One of the intended consequences of federal environmental and discrimination laws is to allow activists groups and personally aggrieved individuals access to other peoples’ money and no-charge legal service. Worse, federal legal action sometimes threatens the safety and rights of a larger body of citizens to satisfy presumed grievances by a small number of people.
Individuals, small business owners and public institution administrators rarely fight government-promoted lawsuit charges in court because federal agencies have more resources and the arbitrary power to force compliance of their demands. It’s cheaper to agree to settle. The usual feeble response is: “We deny any wrongdoing.” Often it’s true, but the defendants pay for serious charges, not necessarily for having done something wrong.
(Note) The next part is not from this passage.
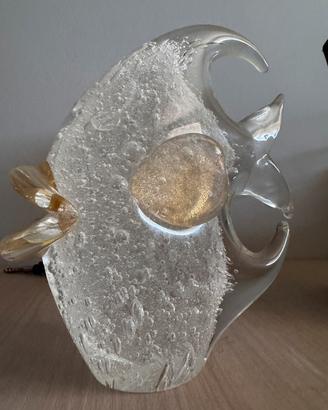 Pesce artigianale di Murano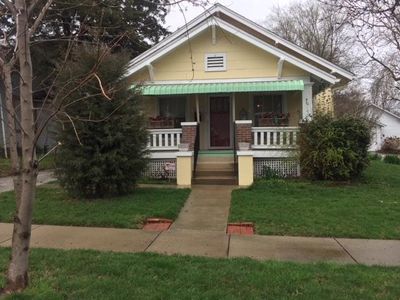 2216 N Ramsey Ave, Springfield, MO, 65803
For example, recently the New Hanover Regional Medical Center settled a U. S. Equal Employment Opportunity Commission disability discrimination charge under the federal Americans with Disabilities Act. Two qualified worker applicants weren’t hired and one employee was put on unpaid leave for a month because of hospital drug policies. According to a Wilmington StarNews report the claimants were taking “legally prescribed narcotic medications.” (link)
Hospital officials insist that their first priority is “patient care and safety.” We assume this concern drives NHRMC policies. Further, it makes sense to me that these local officials— responsible for patient care and safety—would be best qualified to establish these policies than would remote federal agency staff. However, EEOC bureaucrats presume to know better. Federal lawyers apparently believe that employment of people taking narcotic medications has a higher priority than patient safety at the hospital.
I recall that some prescribed and even over-the-counter drugs have warnings that users should not drive or operate equipment. Are we to accept that this precaution should not apply to hospital workers? Yet, the NHRMC must now modify its patient safety policies to accommodate a few medicated applicants and workers because of mandates by federal lawyers.
Thus, regional EEOC operatives fined NHRMC $146,000 for “damages”; required revision of its alcohol and drug abuse policies, and other “medical assessment” and “medical examination” policies. Hospital officials must provide managerial training on the ADA prohibition against disability discrimination; post notices about the lawsuit and employees “rights”; and give the EEOC periodic reports.
In my opinion, this “settlement” is overreaching at best and totalitarian at worst. And it could negatively compromise the primary mission of the NHRMC.